A CAD command sequence is a typical parametric design paradigm in 3D CAD systems where a model is constructed by overlaying 2D sketches with operations such as extrusion, revolution, and Boolean operations. Although there is growing academic interest in the automatic generation of command sequences, existing methods and datasets only support operations such as 2D sketching, extrusion,and Boolean operations. This limitation makes it challenging to represent more complex geometries. In this paper, we present a reinforcement learning (RL) training environment (gym) built on a CAD geometric engine. Given an input boundary representation (B-Rep) geometry, the policy network in the RL algorithm generates an action. This action, along with previously generated actions, is processed within the gym to produce the corresponding CAD geometry, which is then fed back into the policy network. The rewards, determined by the difference between the generated and target geometries within the gym, are used to update the RL network. Our method supports operations beyond sketches, Boolean, and extrusion, including revolution operations. With this training gym, we achieve state-of-the-art (SOTA) quality in generating command sequences from B-Rep geometries.

Figures (10)

• Figure 1: Demonstration of various CAD models generated by our novel CAD model generation algorithm. Including revolution operation enables the generation of more complex geometric shapes, such as the battery, nuts, flanges, etc.

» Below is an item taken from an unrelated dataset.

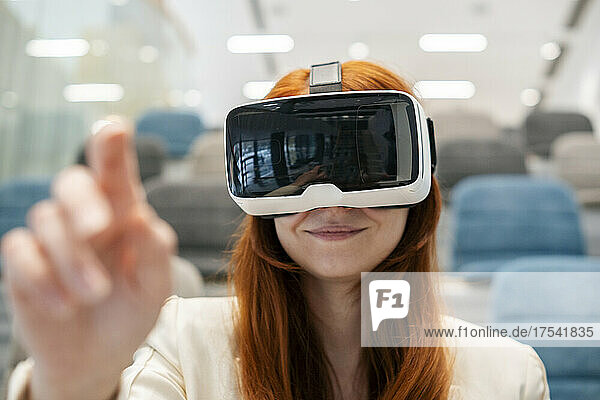 Smiling businesswoman wearing virtual reality headset gesturing in office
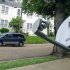 In this May 11, 2009 photo, a mini-van passes a DirecTV satellite dish in a residential area adjoining downtown Jackson, Miss. Tribune Broadcasting says there's been no settlement with DirecTV Inc. in their contract negotiations, which means DirecTV subscribers in 19 U.S. markets will lose access to certain programming, Saturday, March 31, 2012.  (AP Photo/Rogelio V. Solis)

• Figure 2: The training pipeline is composed of two stages. In the first stage, a contrastive learning approach is employed to pre-train the UV-Net network, aiming to derive an encoder model that can effectively characterize the B-Rep of the CAD model. During the second stage, a reinforcement learning approach is employed to generate the command sequence. We first utilize the tunable UV-Net model to extract the B-Rep embedding of the CAD model, which is then integrated with the feature vector of the historical modeling action sequence. Subsequently, the Actor-Critic network predicts the action distribution and value. The predicted action is transmitted to RLCADGym for execution, yielding the next-stage observation. The neural reward and geometric reward are designed to update the policy network.
• Figure 3: Battery modeling process using the gym interface. The leftmost image shows face IDs on the surfaces. The right sequence illustrates four extrusion/revolution operations with Boolean operations applied iteratively to generate the final geometry.
• Figure 4: Revolution operation. The rotation profile is constructed using sampling points from the parametric domain, which are projected and connected based on the surface type. For cylinders and cones, points are projected onto the rotation axis to form the profile. For tori and spheres, the profile arc is determined by the major and minor radii or the sphere center and radius. The rotation angle is defined by the parameter range in the parametric domain.
• Figure 5: Comparison of different Graph Neural Network (GNN) architectures and UV-Net on reconstruction tasks. It indicates that the UV-Net outperforms the Graph Convolutional Network (GCN), Graph Attention Network (GAT), and Graph Transformer Network (GTN) in reconstructing fine geometric details.